Christian Keathley, Jason Mittell, and Catherine Grant. “Videographic Trailers,” The Videographic Essay: Practice and Pedagogy, 2019, http://videographicessay.org/works/videographic-essay/alternative-trailers.

Biography

Dayna McLeod is a performance-based media artist-scholar and Social Sciences and Humanities Research Council (SSHRC) postdoctoral fellow at Middlebury College (2023–2025). She actively engages queer and feminist approaches to research-creation through art and media. She joined Jason Mittell and Catherine Grant as an Instructor at Middlebury College for the 2024 Scholarship in Sound & Image Workshop on Videographic Criticism. She is part of a collaborative videographic project, Ways of Doing, which fosters an ethical praxis of audiovisual research with Lucy Fife Donaldson (University of St. Andrews), Colleen Laird (University of British Columbia), and Alison Peirse (University of Leeds). Her video essays have been published in Teknokultura: Journal of Digital Culture and Social Movements, Intermédialités: History and Theory of the Arts, Literature and Technologies, and Exertions, a Journal for the Society for the Anthropology of Work. www.daynarama.com.

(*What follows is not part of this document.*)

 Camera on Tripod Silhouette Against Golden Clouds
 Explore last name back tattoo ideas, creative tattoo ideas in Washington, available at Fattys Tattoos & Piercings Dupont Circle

Review by Catherine Grant, Aarhus Universitet and University of Reading

Part way through “Speculative Queer Autoethnography: Desert Hearts”—the second of the three videos collected as “Desert Hearts: An Aging Queer Trilogy”—which deftly, smartly, and hilariously supplies a methodological rumination on the work, essayist-performer Dayna McLeod directly asks her viewers a series of questions that I have never had to consider before as an academic reviewer:

Is it bad to make jokes in a video essay? Is that bad scholarship? Do you even think of this as scholarship?

For me, good (publishable) scholarship should be original, significant, and rigorous. So, in answer to McLeod’s questions, in my opinion her videographic research experiments count as works of genius. The fact that they are also (at times, outrageously) funny is not only a very welcome bonus feature for your average, potentially jaded, academic peer reviewer, but in this case central to their scholarly contribution to, and significance for, our shared field.

McLeod’s aims and formal strategies across these three videos are at least two-fold and are certainly original in scholarly terms: first, to lay bare in deeply observant, compelling, and telling ways how homophobia is strikingly present, with regard both to its discursive presentation and its audiovisual figuration, even in supremely “positive” and highly popular film representations of queer life; and second, to trace in the example of the 1985 movie Desert Hearts her own transgenerational identificatory move as a spectator of this groundbreaking film across the decades: from her twenties, identifying with or focusing on twenty-something co-protagonist Cay; through an interest in the prematurely middle-aged co-protagonist Vivian; and finally arriving at an empathic but critical attentiveness to Audra Lindley’s terrifying depiction of Cay’s stepmother and Vivian’s landlady Frances in her late fifties or early sixties.

In her trailer video as well as in “Speculative Queer Autoethnography,” McLeod humorously takes the autoethnographic urge to insert herself (literally) into her performative exploration of her scholarly subject way too far—that is to say, just far enough, given her highly skilful pastiche of numerous cinematic genres.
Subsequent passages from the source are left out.